### WHAT THE TASK REQUIRES
From the entries below, print exactly the span beginning with the line holding "21583 126 AVENUE - photo 3 of 25" and ending with the line holding "Endlot with land", endpoints included, and skip any pictures.

### DATA FOR PROCESSING
=-=-=

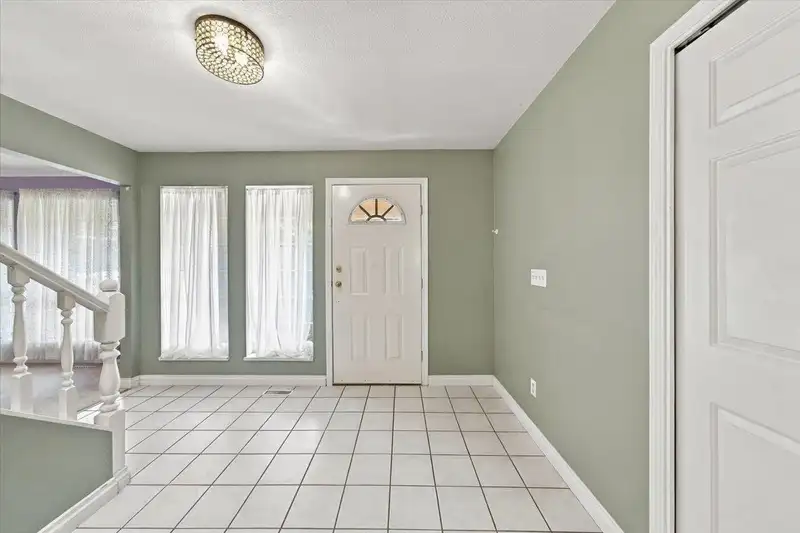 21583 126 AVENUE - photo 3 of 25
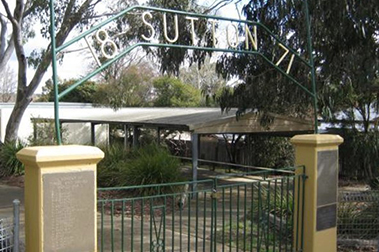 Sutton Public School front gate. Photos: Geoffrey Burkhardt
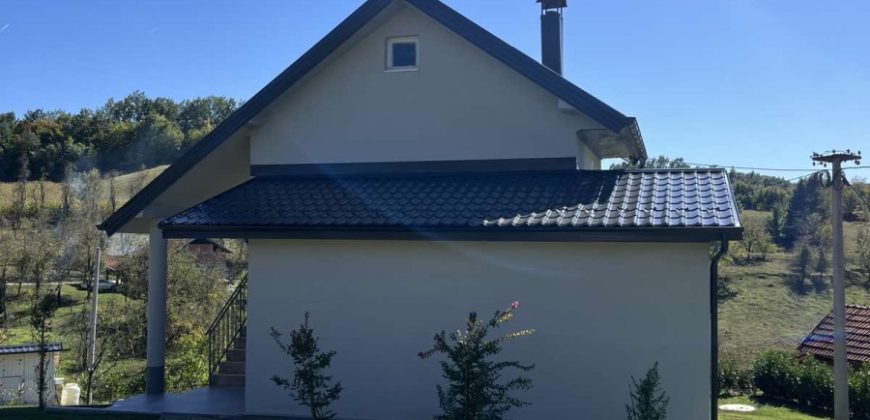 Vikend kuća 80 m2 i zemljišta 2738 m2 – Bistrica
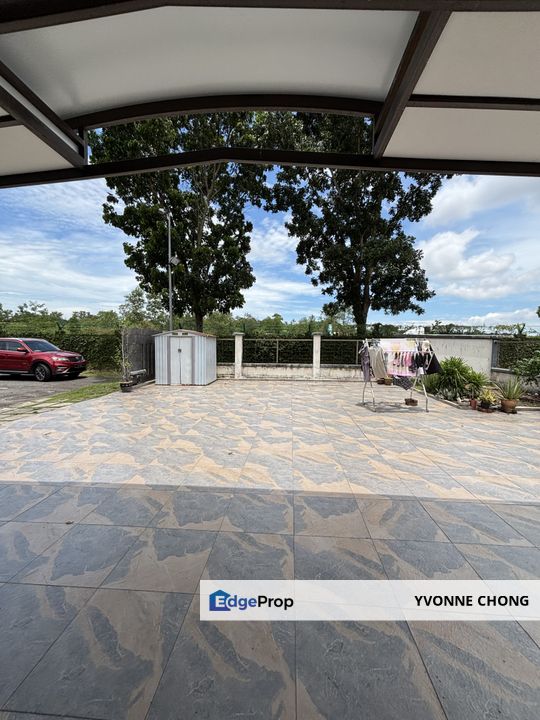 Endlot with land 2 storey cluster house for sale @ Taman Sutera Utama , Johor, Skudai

=-=-=

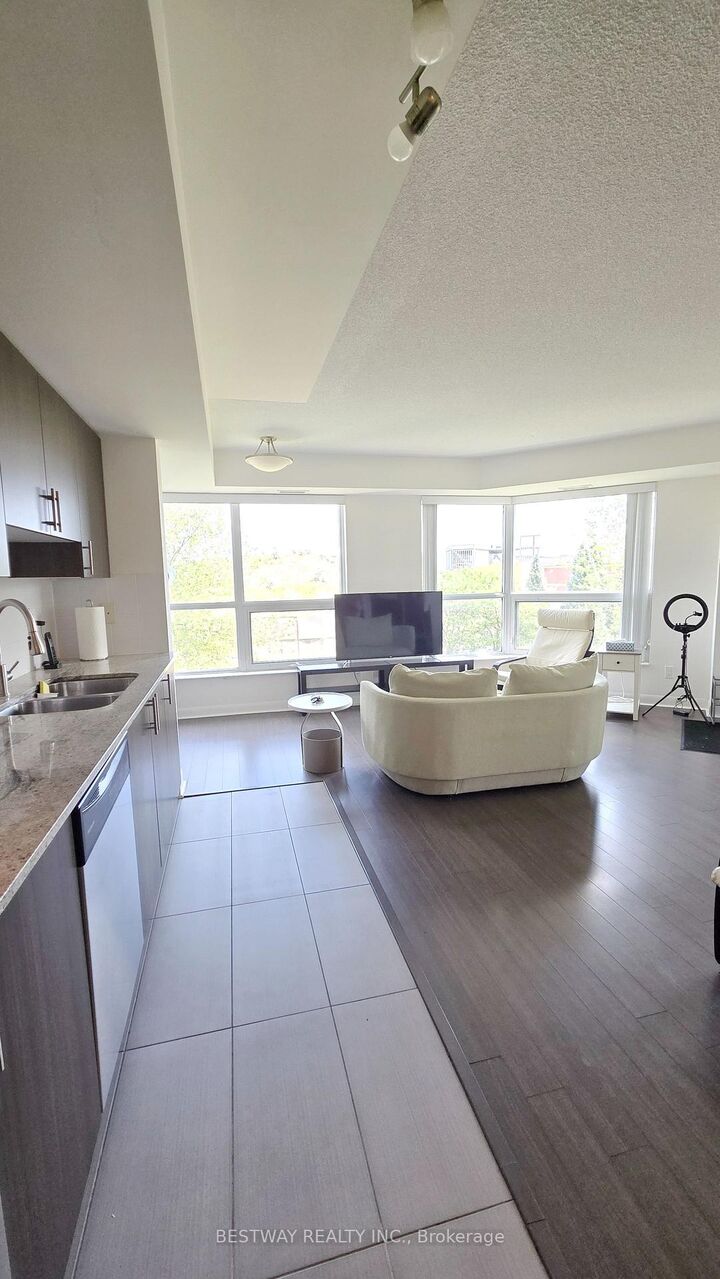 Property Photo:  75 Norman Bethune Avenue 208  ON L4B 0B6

=-=-=

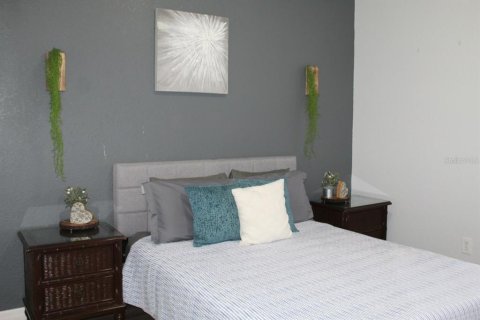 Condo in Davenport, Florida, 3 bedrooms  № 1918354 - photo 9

=-=-=

### RESULT FOR THIS EXERCISE
 21583 126 AVENUE - photo 3 of 25
 Sutton Public School front gate. Photos: Geoffrey Burkhardt
 Vikend kuća 80 m2 i zemljišta 2738 m2 – Bistrica
 Endlot with land 2 storey cluster house for sale @ Taman Sutera Utama , Johor, Skudai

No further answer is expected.